AUTHOR=Soltani Zahra , Xu Michelle , Radovitzky Raul , Stadelmann Marc A. , Hackney David , Alkalay Ron N. TITLE=CT-based finite element simulating spatial bone damage accumulation predicts metastatic human vertebrae strength and stiffness JOURNAL=Frontiers in Bioengineering and Biotechnology VOLUME=12 YEAR=2024 URL=https://www.frontiersin.org/journals/bioengineering-and-biotechnology/articles/10.3389/fbioe.2024.1424553 DOI=10.3389/fbioe.2024.1424553 ISSN=2296-4185 ABSTRACT=

Introduction: Pathologic vertebral fractures are devastating for patients with spinal metastases. However, the mechanical process underlying these fractures is poorly understood, limiting physician’s ability to predict which vertebral bodies will fail.

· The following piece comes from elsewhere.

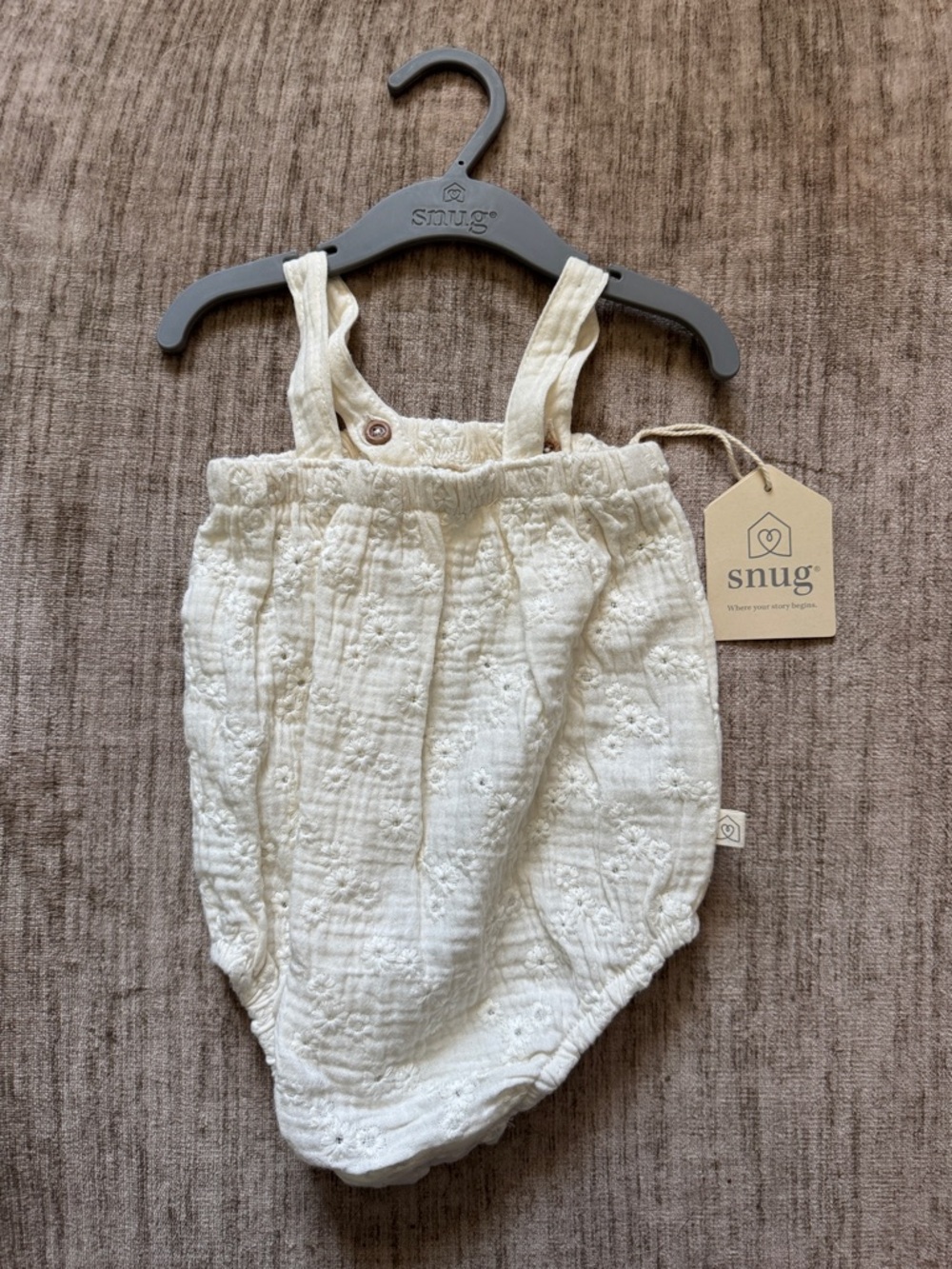 Snug Cream Eyelet Baby Romper with Adjustable Straps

Method: Here, we show the development of a damage-based finite element framework producing highly reliable pathologic vertebral strength and stiffness predictions from X-Ray computed tomography (CT) data. We evaluated the performance of specimen-specific material calibration vs. global material calibration across osteosclerotic, osteolytic, and mixed lesion vertebrae that we derived using a machine learning approach.

Results: The FE framework using global calibration strongly predicted the pathologic vertebrae stiffness (R2 = 0.90, p < 0.0001) and strength (R2 = 0.83, p = 0.0002) despite the remarkable variance in the pathologic bone structure and density. Specimen-specific calibration produced a near-perfect prediction of both stiffness and strength (R2 = 0.99, p < 0.0001, for both), validating the FE approach. The FE damage-based simulations highlighted the differences in the pattern of spatial damage evolution between osteosclerotic and osteolytic vertebral bodies.

Discussion: With failure, the FE simulation suggested a common damage evolution pathway progressing largely localized to the low bone modulus regions within the vertebral volume. Applying this FE approach may allow us to predict the onset and anatomical location of vertebral failure, which is critical for developing image-based diagnostics of impending pathologic vertebral fractures.